The Dell S2716DGR is a good monitor overall. It excels as a gaming monitor thanks to its many related features. It's priced quite competitively too, so it tends to be a good choice if you're looking for a gaming monitor (see our recommendations for the best gaming monitors, the best 4k gaming monitors, and the best PC gaming monitors).
The Dell S2716DG has very similar performance to the Dell S2719DGF, and the minor differences can be attributed to panel variance. The most significant difference between them is that the S2719DGF supports FreeSync VRR whereas the S2716DG supports G-SYNC VRR and incorporates a BFI feature that the S2719DGF is lacking.
The ASUS ROG PG279Q is a significantly better monitor than the Dell S2716DG regardless of the usage. The IPS panel of the ASUS has better viewing angles, so when viewed from up close the image remains more accurate. The uniformity is also marginally better on the ASUS, and this is good for a variety of usages.
The Dell S2417DG has a very similar performance than the Dell S2716DG. The differences between the two monitors can be attributed to manufacturing panel variances. Both monitors have native QHD resolution, but the S2716DG is bigger and this makes it more comfortable when you work on it or watch multimedia.
The Acer Predator XB271HU is a monitor that has good viewing angles and performs better in almost all uses than the Dell S2716DG. But if you sit directly in front of the monitor and want the fastest response time for gaming, and an image with minimal blur, get the Dell. The Acer Predator XB271HU has better gray uniformity so that you browse the web without any clouding on your screen. On the other hand, the Dell S2716DG has better reflection handling.
The Dell S2716DG is a bit better than the HP OMEN 27, mainly due to the better ergonomics that allow you to position the monitor to your liking. Other than that, the two monitors perform very similarly.
If you will be sitting directly in front of the monitor and your primary usage will be gaming, then get the Dell S2716DG, but for uses where viewing angles are of importance, the Dell U2715H is a better choice. The Dell S2716DG has a faster refresh rate, a lower input lag, and a faster pixel response time that only leaves a small blur trail in fast-moving content.

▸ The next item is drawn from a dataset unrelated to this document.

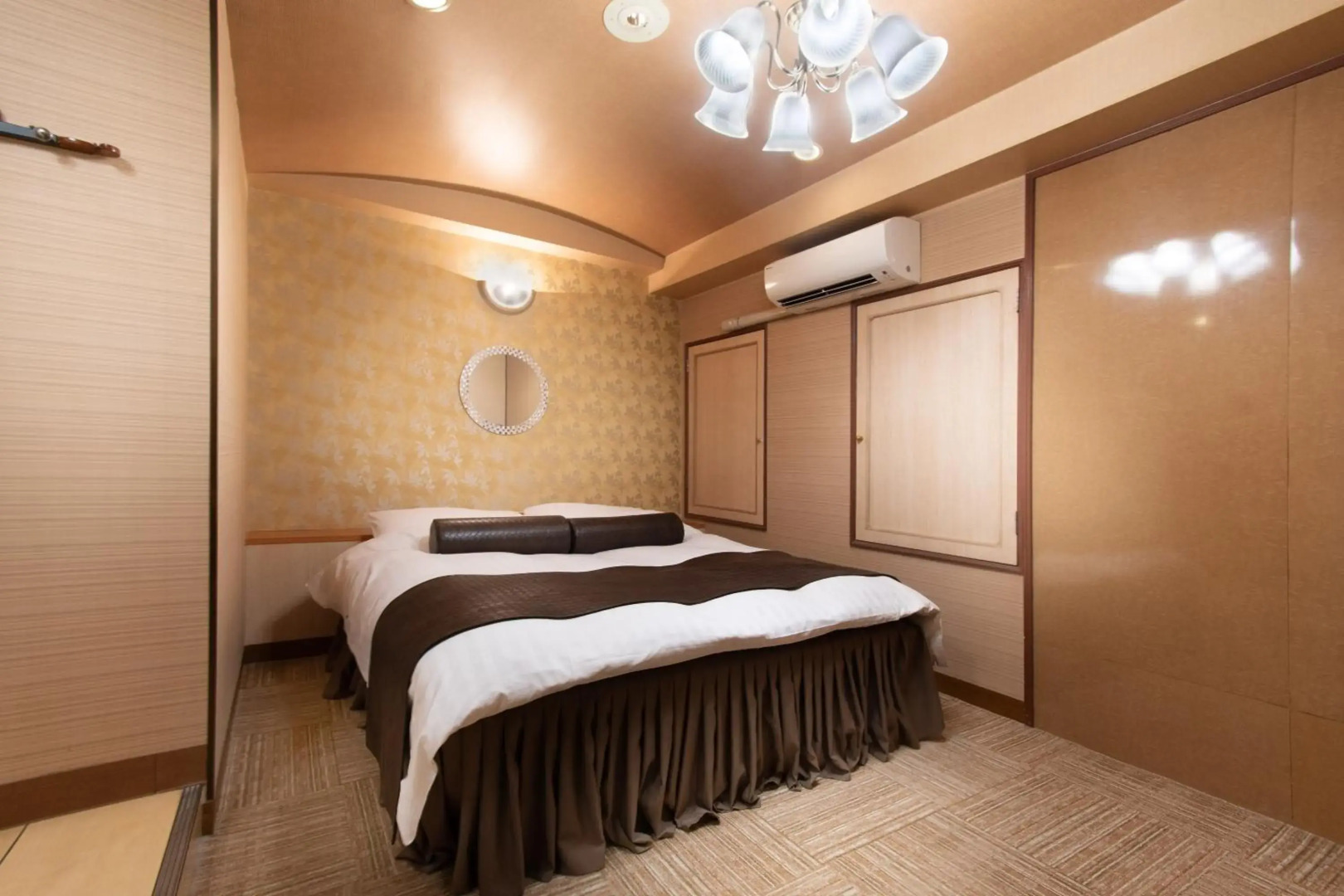 Hotel Benkyo Beya Amagasaki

The Dell S2716DG has an option to clear motion blur and make the image crisper by introducing flicker. The Dell U2715H, on the other hand, has an IPS panel, and the image remains good at wider angles off the center axis.
The Samsung CHG70 is better than the Dell S2716DG. The Samsung CHG70 supports HDR and performs decently in that mode. The Samsung can display deeper blacks in a dark room due to the higher contrast ratio and local dimming support. The Samsung CHG70 also has better gray uniformity which is good when you browse the web. On the other hand, the Dell S2716DG has a faster pixel response time with a smaller blur trail, and better ergonomics so it is easier to position it comfortably.
The AOC AGON AG271QX is marginally better than the Dell S2716DG. The AG271QX has better black and gray uniformity which is great if your work involves a lot of web browsing or photo editing. The AOC AGON AG271QX also has a remarkable gradient with no visible banding. The Dell S2716DG, on the other hand, has an option to introduce flicker so as to make the image crisper.
The Dell S2716DG is better than the Dell U2717D for most users, unless you need a wider viewing angle. The S2716DG has better motion handling thanks to the higher native refresh rate and lower input lag, which is great for gaming. The Dell U2717D uses an IPS panel and has wider horizontal and vertical viewing angles.